A year of working alongside AI tools: an honest assessment
It's been roughly a year since ChatGPT launched and I started actually integrating AI tools into daily work. Time for an honest review of what's changed and what hasn't.
November 2022 to November 2023. One year since ChatGPT launched and started a conversation that hasn't stopped.
I've been deliberately using AI tools throughout that year, not as a curiosity but as working tools integrated into my daily work. Here's what actually changed.
What genuinely changed
Writing is faster. Not just the mechanics of writing, but the cognitive resistance to starting. I now begin almost every significant written output (proposals, documentation, emails requiring careful wording) with an AI-assisted draft. I rewrite substantially. The quality of my output hasn't deteriorated; I think it's marginally improved because I spend more time editing and less time staring at blank documents.
Scripting is different. I write PowerShell, a bit of Python, some Graph API calls. My approach to this work changed. I now start with a described intent, get a working scaffold from ChatGPT or Copilot, then review, adapt, and test. The time to working first draft has halved for routine automation tasks. The verification step has not gone away; it's more important than ever.
Research is faster. For high-level summarisation and orientation on unfamiliar topics, AI tools have substantially replaced my starting-point Google search. For precise technical verification, I still go to primary sources.
What hasn't changed
Technical judgment. The hardest parts of my job (deciding on architecture, assessing risk, reading a room, knowing which battles to fight), AI doesn't touch these. It might help me think through options, but the judgment is mine.

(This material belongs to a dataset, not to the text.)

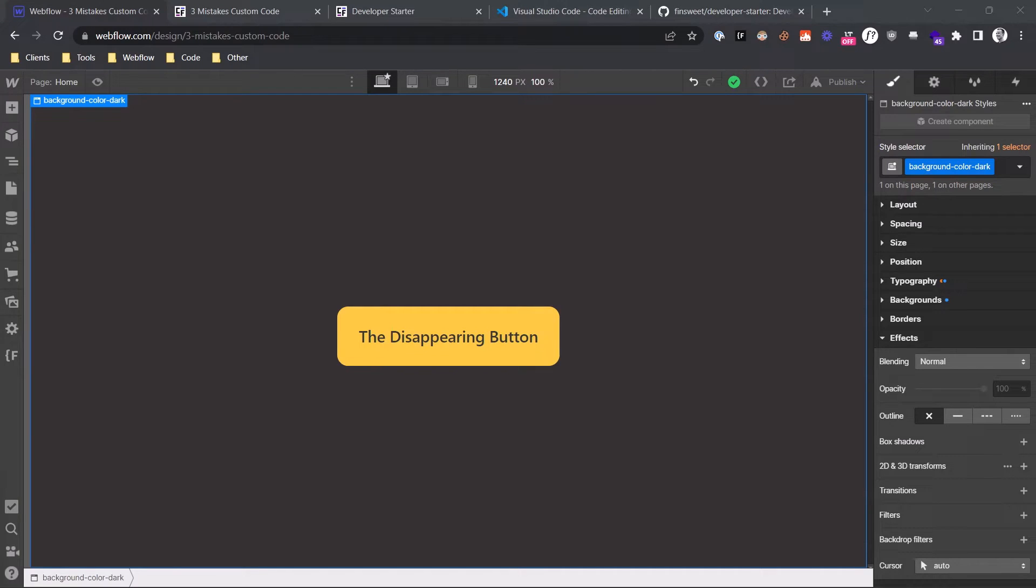Today I'm going to give you three tips for managing custom JavaScript in Webflow. The first tip is,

Relationship-based work. Conversations with customers, internal politics, managing expectations, delivering difficult news. These are human problems.
Novel problem solving. When I'm genuinely in new territory (a weird edge case, an undocumented behaviour, something that doesn't have a clear prior art), AI tools are less helpful. They pattern-match on training data. Truly novel problems don't have training data.
The tools I actually use
- ChatGPT Plus (GPT-4): Daily driver for writing tasks, code scaffolding, and research
- GitHub Copilot: Integrated into VS Code, useful for scripting
- Bing Chat: When I need current information with citations
- Claude (Anthropic): Occasionally, for comparison. The Claude 1 model showed up earlier this year and has a noticeably different feel to GPT-4
What I've learned about integrating this well
- Be specific in your prompts. Vague questions get vague answers.
- Treat all factual claims as unverified until you check them.
- Use these tools to augment the slow parts of your workflow, not replace your judgment.
- Stay current with what's changing. The landscape six months ago is different from today.
Where I think this is going
The progression from GPT-3.5 to GPT-4 to GPT-4 Turbo (which OpenAI just announced at their Dev Day earlier this month) shows that models are improving faster than most people expected. Microsoft 365 Copilot went GA this month, after a long preview period, and is now available to enterprises willing to pay the licensing premium.
We're past the "is this real" phase. We're in the "how do we actually use this well" phase. That's a more interesting and more productive question.
My recommendation after a year: if you haven't built a genuine working relationship with these tools yet, start now. Not because you'll be left behind if you don't (though possibly), but because the tools are good enough now that you're leaving value on the table by waiting.